Upload & Server Outages
Activity upload failures and server errors are directly visible to users and break the core loop of record-and-share.
Account & Access Problems
Ongoing account management issues compound onboarding friction, suggesting systemic identity/auth infrastructure problems.
Crashes & Forced Upsell
App instability and aggressive paywalls drive uninstalls. Users explicitly cite these as deal-breakers in their reviews.

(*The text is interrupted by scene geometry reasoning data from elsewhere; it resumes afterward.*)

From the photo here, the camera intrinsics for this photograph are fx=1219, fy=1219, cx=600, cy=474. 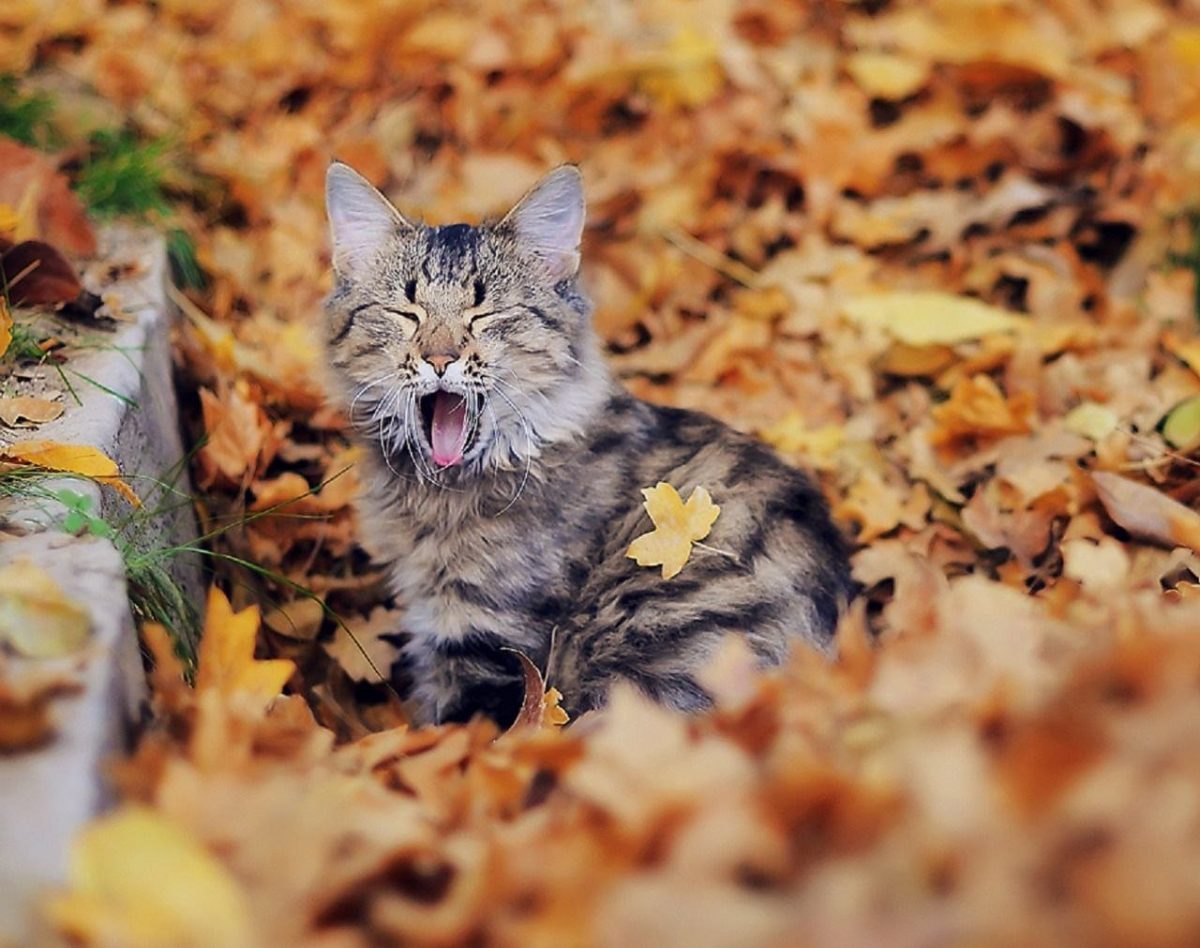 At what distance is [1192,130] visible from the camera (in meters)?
4.14

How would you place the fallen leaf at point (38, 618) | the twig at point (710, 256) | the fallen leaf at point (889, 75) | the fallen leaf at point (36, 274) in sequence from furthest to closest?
the fallen leaf at point (889, 75), the twig at point (710, 256), the fallen leaf at point (36, 274), the fallen leaf at point (38, 618)

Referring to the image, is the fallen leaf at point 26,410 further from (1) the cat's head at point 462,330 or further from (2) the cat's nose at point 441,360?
(2) the cat's nose at point 441,360

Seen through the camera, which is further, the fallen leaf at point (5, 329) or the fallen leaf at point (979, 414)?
the fallen leaf at point (979, 414)

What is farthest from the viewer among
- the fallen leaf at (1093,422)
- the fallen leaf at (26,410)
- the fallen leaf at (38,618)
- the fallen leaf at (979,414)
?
the fallen leaf at (979,414)

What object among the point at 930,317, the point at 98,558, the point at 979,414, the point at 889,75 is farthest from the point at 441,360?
the point at 889,75

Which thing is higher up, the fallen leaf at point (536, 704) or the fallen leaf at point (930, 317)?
the fallen leaf at point (930, 317)

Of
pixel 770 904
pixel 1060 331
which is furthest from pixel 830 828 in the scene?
pixel 1060 331

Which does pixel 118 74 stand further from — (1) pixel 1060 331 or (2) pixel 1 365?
(1) pixel 1060 331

Accuracy & Measurement Issues
Inaccurate GPS and pace data undermine the product's core promise for serious athletes who depend on precise metrics.
Positive Clusters
Tracking & Core Utility
When the product works, users love it for exactly what it is: a reliable fitness tracker. This is the core value prop in action.
Social & Community
Strava's social layer is a genuine differentiator. Users don't just track—they compete, cheer, and stay accountable together.
Ease of Use
When onboarding succeeds, users find the app intuitive and well-designed. The UX itself isn't the problem—reliability is.
Activity Culture
Positive reviews span all activity types. Strava's brand is broader than running—it's the home for all outdoor fitness culture.
So What
What This Means for Strava
The data points to a clear strategic gap: the fitness experience is loved, but infrastructure failures are destroying it.
Product
Fix infrastructure first
Auth flow, upload reliability, and crash reduction dominate negative reviews. These aren't feature gaps — they're broken foundations that undermine the entire experience for every user.
Marketing
Double down on social fitness
"Friends", "motivates", and "community" are among the strongest positive predictors. Strava's unique angle isn't tracking — it's the social accountability layer. Lead with that.
Insight
Complaints aren't about fitness
Not a single fitness-related word appears in the top negative tokens. Users aren't unhappy with the workout experience — they're frustrated by sign-in errors, server failures, and crashes.
Insight
The core value prop works
"Tracking", "fitness", "exercise", and "trail" all drive positive sentiment. When Strava works, users love exactly what it's supposed to do. The product vision is validated — execution is the issue.
How It Was Built
Methodology Pipeline
Data Collection
2,000 Google Play reviews scraped and labeled (Bad: 1–3 stars, Good: 4–5 stars)
Feature Engineering
Review length, word count, time/date features, app version, and season extracted
Random Forest
Behavioral features only — accuracy 75.5%, AUC 0.822
TF-IDF + LASSO
Text vectorization + logistic regression — accuracy 82.0%, AUC 0.893
Findings
Top tokens by LASSO coefficient reveal what language separates happy users from frustrated ones
Analysis conducted in R using the tidytext, randomForest, and glmnet packages. 2,000 Google Play reviews collected and labeled by star rating.